Parmi les nourrissons de 12 mois, les pourcentages de participants ayant eu une réponse et la moyenne géométrique des concentrations étaient de 78 %, 828 UE par millilitre dans le groupe Ad26-MVA, 87 %, 1 415 UE par millilitre dans le groupe rVSV, et 93 %, 1 745 UE par millilitre dans le groupe de rappel du rVSV, et 4 % et 67 UE par millilitre dans le groupe placebo (P < 0,001 pour toutes les comparaisons du vaccin avec le placebo) (Tableau 3 et tableaux S17 et S18). Dans chacun des groupes vaccinés, les pourcentages de participants ayant eu une réponse et la moyenne géométrique des concentrations au mois 12 étaient plus élevés chez les enfants que chez les adultes. Chez les enfants, comme observé chez les adultes, les groupes Ad26-MVA et rVSV-rappel avaient la plus grande proportion de participants avec une réponse et les concentrations moyennes géométriques les plus élevées lors des visites peu après la deuxième vaccination ou la vaccination de rappel (jour 63) et dans la troisième mois après mois 12 , le pourcentage de participants qui ont eu une réponse et les concentrations techniques moyennes ont diminué pour atteindre les niveaux observés immédiatement avant de recevoir la deuxième vaccination ou la vaccination de rappel (Tableau 3 Et le Illustration 1b).

Distribution de l’augmentation de la concentration d’anticorps par rapport à la ligne de base.

Ces résultats étaient similaires dans une analyse qui excluait les participants avec une concentration d’anticorps de base (vaccination précédente) d’au moins 200 UE par millilitre, car ces sujets pouvaient avoir eu une infection asymptomatique lors d’une précédente épidémie (tableau S19). Les résultats étaient également similaires à ceux de l’analyse initiale lorsque nous avons abaissé la limite inférieure de quantification du développeur de test (66,96 UE par millilitre) pour les concentrations d’anticorps de base et de suivi inférieures à ce niveau (tableau S20).

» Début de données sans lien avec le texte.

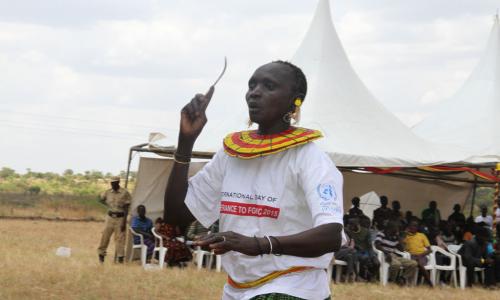 Mwanamke akiwa ameshikilia kisu kilichotumika kwenye ukeketaji.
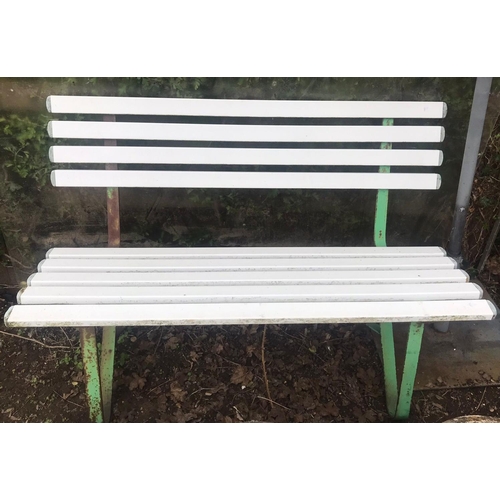 50 - A simple painted and weathered sprung steel two seat garden bench with coated wooden slats 123 cm wi... 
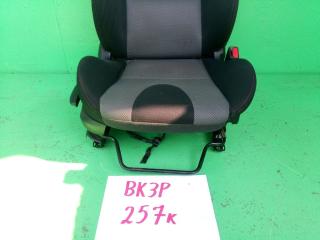 Сиденье переднее MAZDA AXELA BK3P 3 ракурс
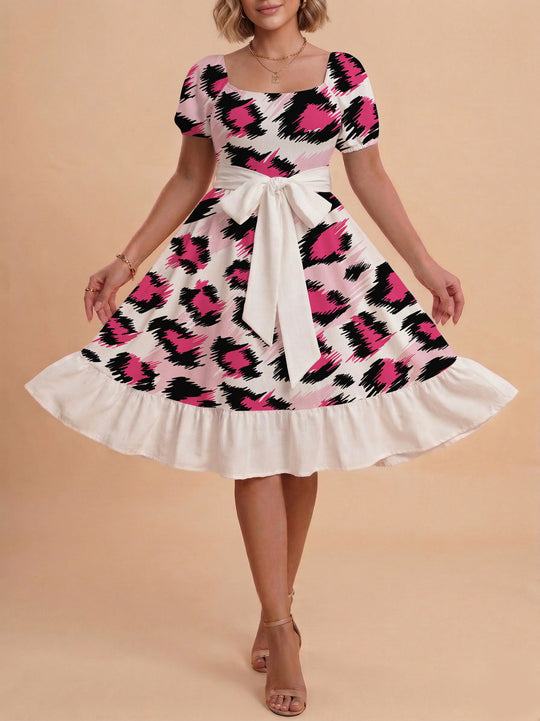 Damen Sommerliches Blumenkleid mit taillierbarem Gürtel und voluminösen Ärmeln R&B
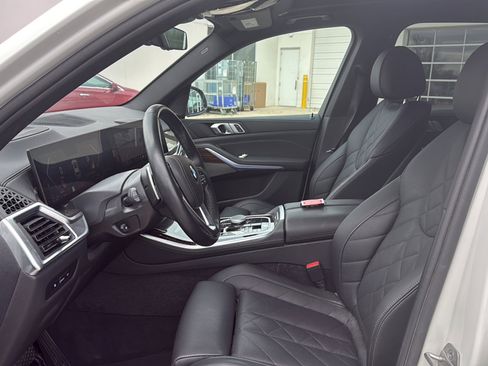 Certified 2024 BMW X5 xDrive40i w/ Premium Package image 6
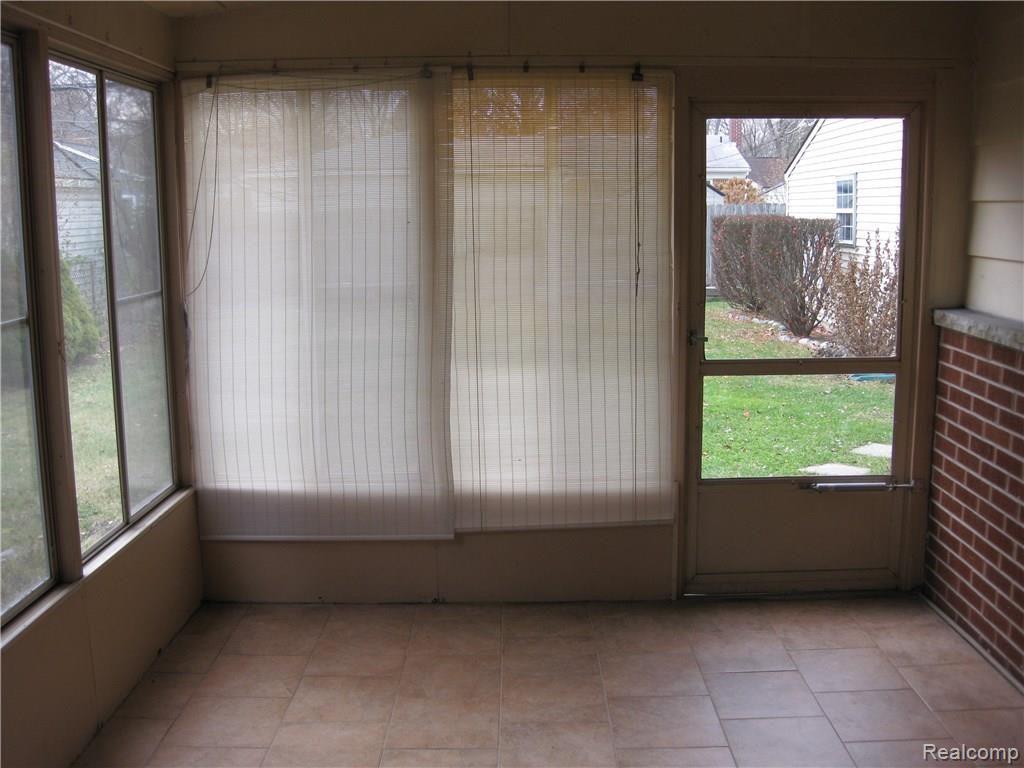 17535 Rougeway Street Livonia, MI 48152 - Photo 31 of 42 Gallery Image 31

Pour faciliter la prise en compte dans le contexte des études précédentes, nous avons quantifié les réponses des anticorps à une gamme de variations du facteur croissant (Tableau 4) et les niveaux d’anticorps de suivi au-dessus d’un certain niveau (tableaux S21 et S22).

Les analyses de sous-groupes selon le laboratoire et le pays sont fournies dans les figures S3 à S8 et les tableaux S23 et S24. Bien qu’il y ait eu des différences dans les concentrations moyennes géométriques entre les pays et les laboratoires, toutes les différences de réponse entre le groupe vacciné et le groupe placebo étaient significatives et suivaient un schéma similaire aux concentrations moyennes géométriques lors du suivi entre les adultes et les enfants, quel que soit le pays ou le groupe. laboratoire.